The University of Saskatchewan’s main campus is situated on Treaty 6 Territory and the Homeland of the Métis.

U of S music program offers diversity for students

By in Culture


The University of Saskatchewan music program is one of the most active groups on campus. With its many concerts, student organizations and events, the program offers a much needed dose of culture for slow campus days.

Even as one of the most unnoticed groups on campus, the music program has a lot to offer for musicians and music lovers alike. For fourth year vocal major Erica McFadden, the program means opportunities and experiences that were valuable.

“I think that I have become much more of a performer and much more of a musician than I really could have imagined,” McFadden said. “I’ve changed a lot as a person because of how I’ve learned to look into music. There is the parallel of how I look at music and how I look at the rest of my life now. ”

The way that she feels this personal growth was achieved was with hands-on interaction with instructors — an opportunity that comes with the smaller college, where each class contains about 10 to 14 students on average.

With the changes to funding, programs like music tend to be swept under the rug. There are too many students who don’t even know about the many productions that the music students have to put on as a part of thier program.
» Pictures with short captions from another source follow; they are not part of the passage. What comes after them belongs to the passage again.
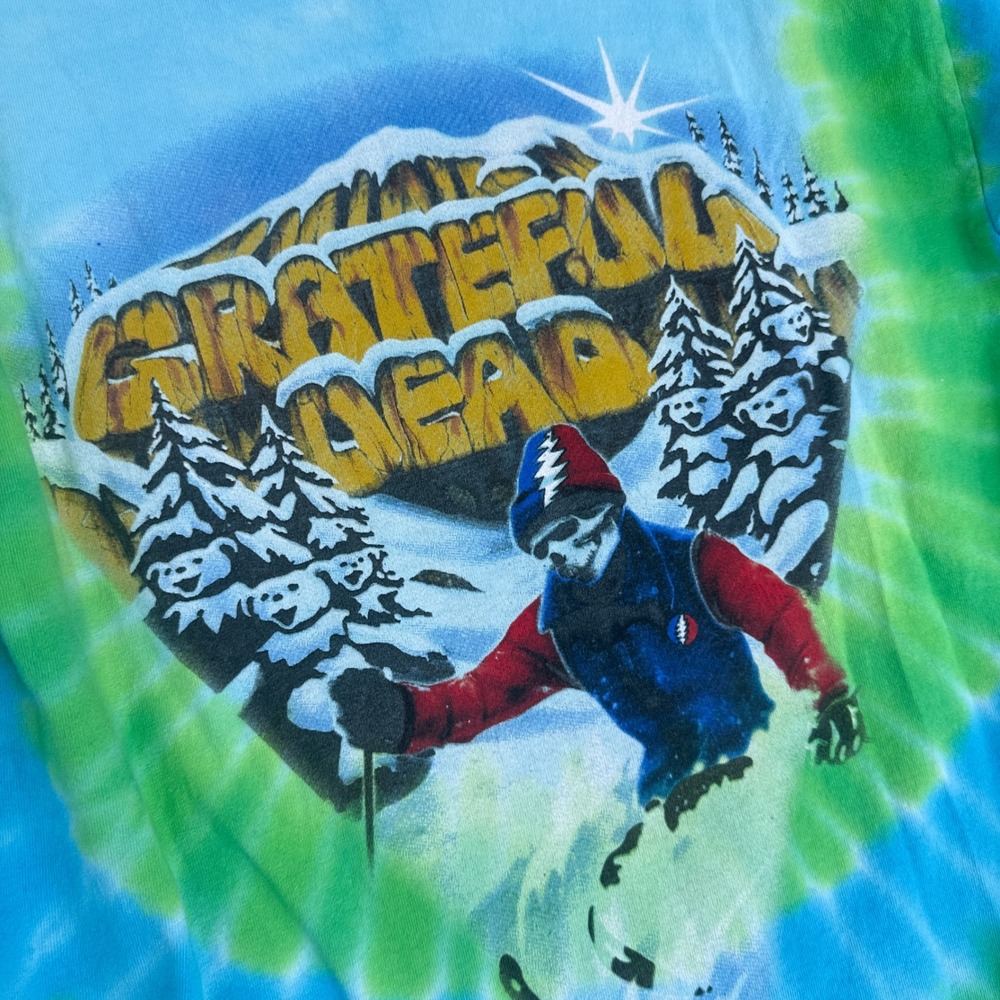 Vintage 1997 Grateful Dead T-Shirt Mens M Blue Green Tie-Dye Heli Skiing Sundog - Picture 8 of 11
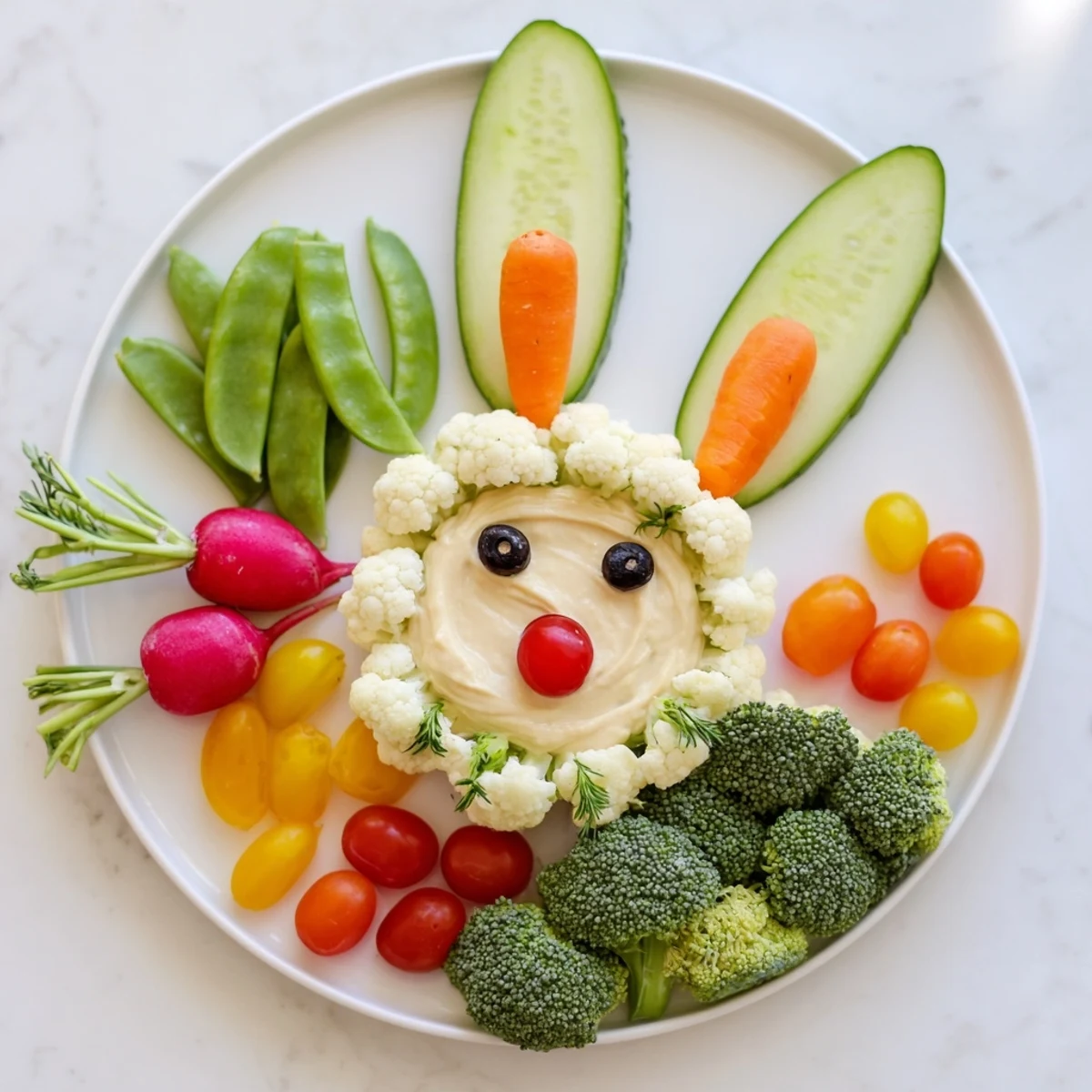 A festive Bunny Meadow Veggie Board with colorful veggies and creamy dip; great for Easter.
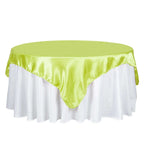 Satin 72"x72" Table Overlay Square Tablecloth Apple Green - Smooth Finish Table Cover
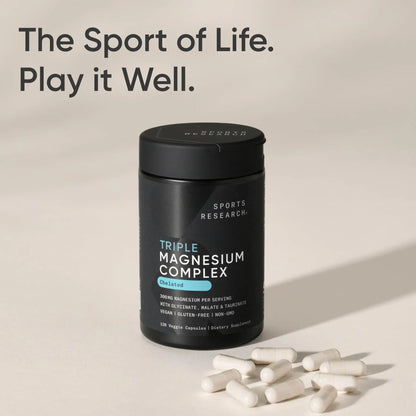 Sports Research® Chelated Triple Magnesium Complex with Glycinate, Taurinate & Malate (Chelamax®) for Enhanced Bioavailability* - 300 mg per Serving, Non-GMO, Certified Vegan, 120 Veggie Capsules Sports Research buy supplements Au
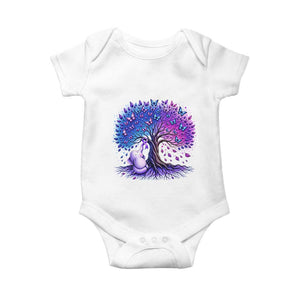 Purple Elephant Butterfly Ribbon Baby Onesie Tree Of Life Alzheimers Support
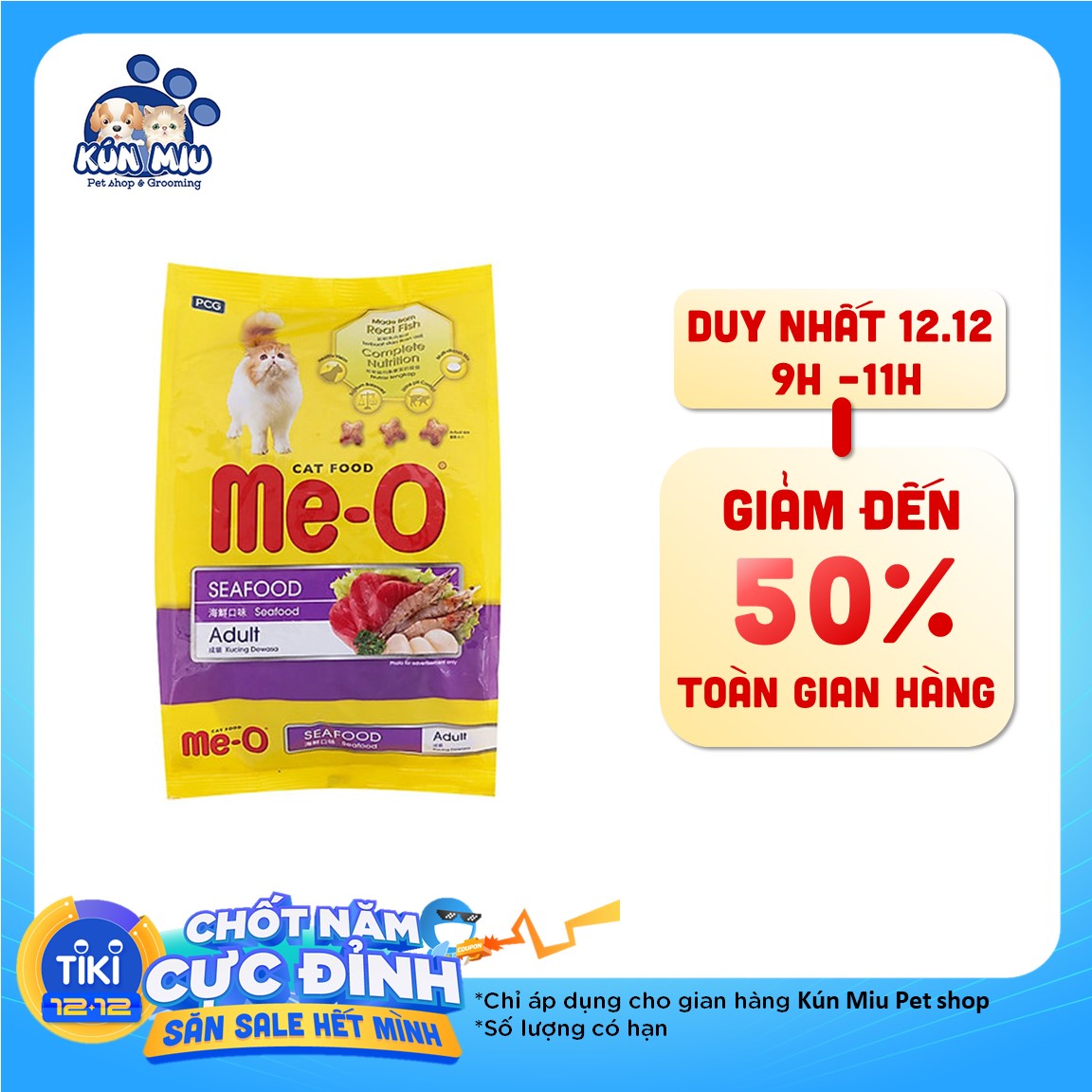 Thức Ăn Cho Mèo Lớn Me-O Adult (1.2kg)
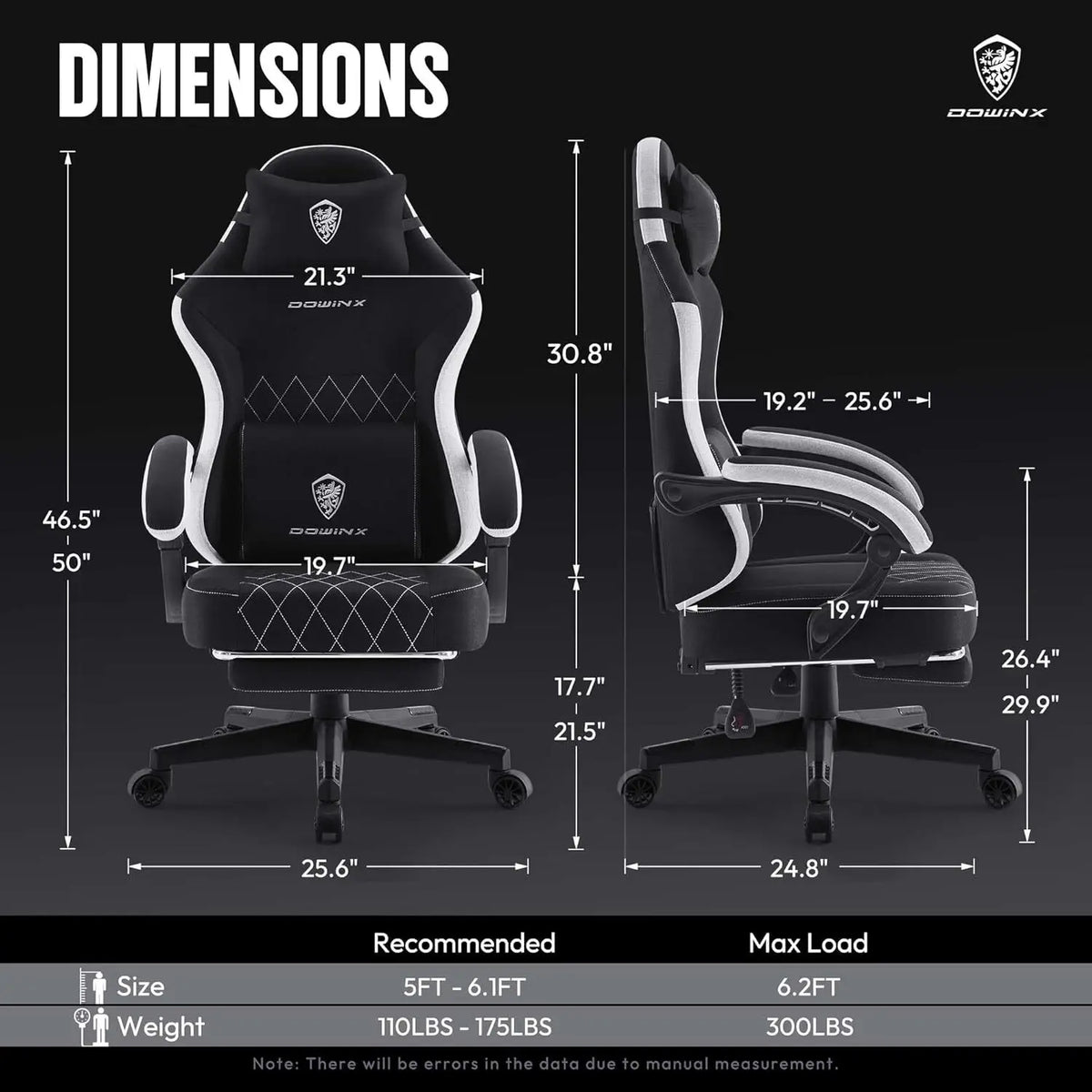 Dowinx Fabric Gaming Chair Ergonomic Computer Chair with Footrest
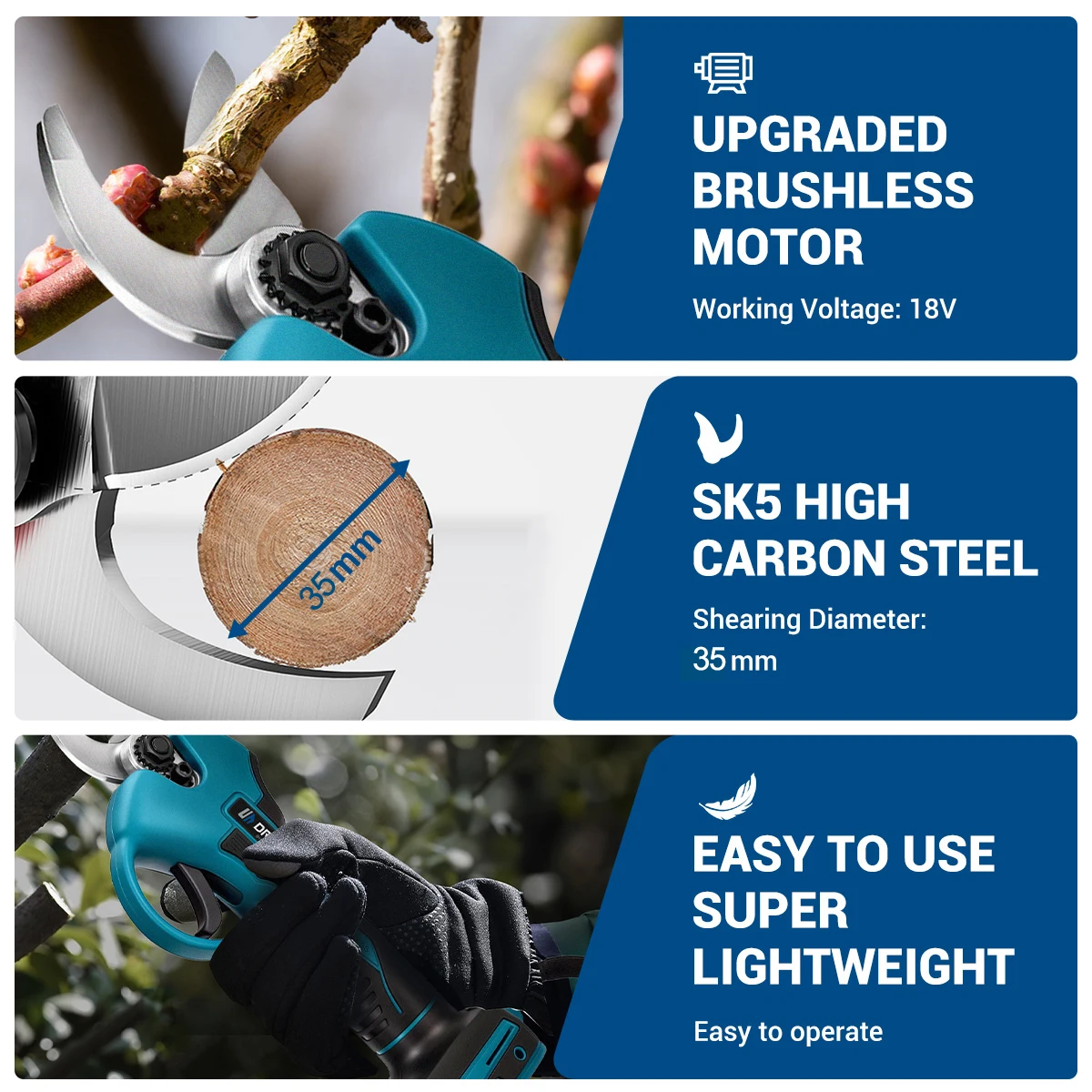 Drillpro Brushless Electric Pruning Shear 35mm Cordless Electric Scissors Fruit Tree Bonsai Hedge Trimmer For Makita 18V Battery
Each student has to be a part of certain amount of groups throughout their time in school in order to graduate. Many groups operate on an audition basis, meaning they have to meet a high performance standard.

Collectives like the U of S jazz band hold many concerts throughout the year in a variety of settings: Quance Theatre, Louis’, the Bassment and even holding their own big band dances, such as their recent swing dancing extravaganza, Switch In Time.

There are a lot of other unique programs that the department of music has to offer as well, with McFadden being involved in musical theatre. The program functions like a normal class and is part of students tuition. What musical theatre has done is help facilitate McFadden‘s training in opera singing. A type of production that often goes unappreciated in in the city.

The first term of musical theatre focuses on the opera that was capped off with a medley performance. The next year brings on more on Broadway Musicals for the focus and a completely different spectrum of music. For this portion of the class they will be holding a performance of The Beggar’s Opera.

This variety that the program offers showed McFadden a new world of music that she can explore. For a long time she dreamt of being a music teacher, but soon found it was not for her.

“For me, by the end of my time [at the school] I just couldn’t comprehend that I couldn’t make all of the children absolutely love music. It was very unrealistic of me, but I couldn’t stop that,” McFadden said.

There is a lot more the music program has to offer and it helped McFadden discover a fondness for the world of opera.

She was able to explore opera in her own way and wants to take it away from the stiff feet-planted singing common today, adding theatrics as well as emotion back to opera singing. Even if people cannot understand the words she is singing, they can get the feeling from the emotion she conveys as majority of opera is written in other languages.

Music education provides valuable learning for those who want to continue to create and spread their love of music.

When going to one of the ensemble shows, this passion for what they are doing is evident in the U of S Wind Orchestra — who are known for their brilliant marching music having just performed a concert of old band standards.

The U of S Greystone Singers who have done choral performances around the world, including China and Europe.

For those who are interested in music, but aren’t necessarily professional or majoring in the subject, there are still other options like the University Chorus — open to all who like to sing as part of a large choral group.

There is also the Concert Band for individuals whose musical talent strays away from singing.

The music department has something to offer everyone and greatly deserves more attention. As McFadden said when asked about her hopes for the program itself, “I just hope it stays. With what’s happening with the university, music, drama and art are needed to continue the development of culture and creative minds.

“The creative minds think out of the box, and I think that is very much needed in the positive development of society.”